**WHAT YOU WILL DO:** Whenever the word "Blue" appears in a line of the listing, copy that line.

**RECORDS FOR THIS TASK:**
____________________
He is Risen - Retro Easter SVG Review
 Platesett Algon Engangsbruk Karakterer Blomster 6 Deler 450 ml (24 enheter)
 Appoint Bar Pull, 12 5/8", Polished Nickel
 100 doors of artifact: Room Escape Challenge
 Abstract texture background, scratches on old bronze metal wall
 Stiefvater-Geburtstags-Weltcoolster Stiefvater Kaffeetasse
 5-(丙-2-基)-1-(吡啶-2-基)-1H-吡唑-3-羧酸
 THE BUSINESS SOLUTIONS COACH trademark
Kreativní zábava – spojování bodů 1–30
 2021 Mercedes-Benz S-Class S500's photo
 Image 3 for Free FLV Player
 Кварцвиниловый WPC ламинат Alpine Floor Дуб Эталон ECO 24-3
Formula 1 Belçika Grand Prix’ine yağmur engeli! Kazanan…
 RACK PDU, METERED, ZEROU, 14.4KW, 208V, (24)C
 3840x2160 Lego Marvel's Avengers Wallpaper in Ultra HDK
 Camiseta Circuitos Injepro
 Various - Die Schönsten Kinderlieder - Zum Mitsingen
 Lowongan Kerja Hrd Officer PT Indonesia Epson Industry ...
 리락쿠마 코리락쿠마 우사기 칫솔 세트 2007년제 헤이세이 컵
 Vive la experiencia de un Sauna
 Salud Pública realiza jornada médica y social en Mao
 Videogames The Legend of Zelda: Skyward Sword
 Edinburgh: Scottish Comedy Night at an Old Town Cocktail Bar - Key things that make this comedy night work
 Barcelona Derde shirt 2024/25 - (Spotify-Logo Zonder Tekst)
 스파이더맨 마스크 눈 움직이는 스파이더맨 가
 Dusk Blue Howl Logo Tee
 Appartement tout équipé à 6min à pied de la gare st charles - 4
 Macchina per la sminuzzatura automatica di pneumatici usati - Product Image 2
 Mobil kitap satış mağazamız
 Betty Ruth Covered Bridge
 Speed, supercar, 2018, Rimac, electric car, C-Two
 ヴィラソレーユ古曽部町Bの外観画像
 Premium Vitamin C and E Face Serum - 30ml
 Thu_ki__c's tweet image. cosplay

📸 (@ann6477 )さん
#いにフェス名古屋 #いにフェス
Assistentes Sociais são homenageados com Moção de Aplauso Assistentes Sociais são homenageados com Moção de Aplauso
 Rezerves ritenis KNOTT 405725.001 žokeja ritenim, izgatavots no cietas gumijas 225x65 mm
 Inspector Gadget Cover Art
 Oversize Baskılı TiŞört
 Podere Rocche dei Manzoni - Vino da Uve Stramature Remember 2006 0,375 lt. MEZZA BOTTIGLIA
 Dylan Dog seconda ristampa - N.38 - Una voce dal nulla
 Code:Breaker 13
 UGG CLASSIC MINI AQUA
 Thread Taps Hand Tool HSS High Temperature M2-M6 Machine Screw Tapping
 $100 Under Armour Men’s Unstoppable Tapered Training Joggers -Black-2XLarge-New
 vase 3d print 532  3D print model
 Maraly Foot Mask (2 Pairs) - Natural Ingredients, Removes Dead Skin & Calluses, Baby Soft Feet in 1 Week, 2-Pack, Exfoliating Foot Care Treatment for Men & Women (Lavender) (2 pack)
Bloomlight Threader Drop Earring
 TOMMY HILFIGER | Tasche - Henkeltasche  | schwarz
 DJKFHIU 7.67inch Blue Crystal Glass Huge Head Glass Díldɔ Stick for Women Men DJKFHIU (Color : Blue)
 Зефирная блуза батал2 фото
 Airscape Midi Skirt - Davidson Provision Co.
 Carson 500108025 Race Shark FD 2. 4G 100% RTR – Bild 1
____________________
**EXERCISE SOLUTION:**
 Dusk Blue Howl Logo Tee
 DJKFHIU 7.67inch Blue Crystal Glass Huge Head Glass Díldɔ Stick for Women Men DJKFHIU (Color : Blue)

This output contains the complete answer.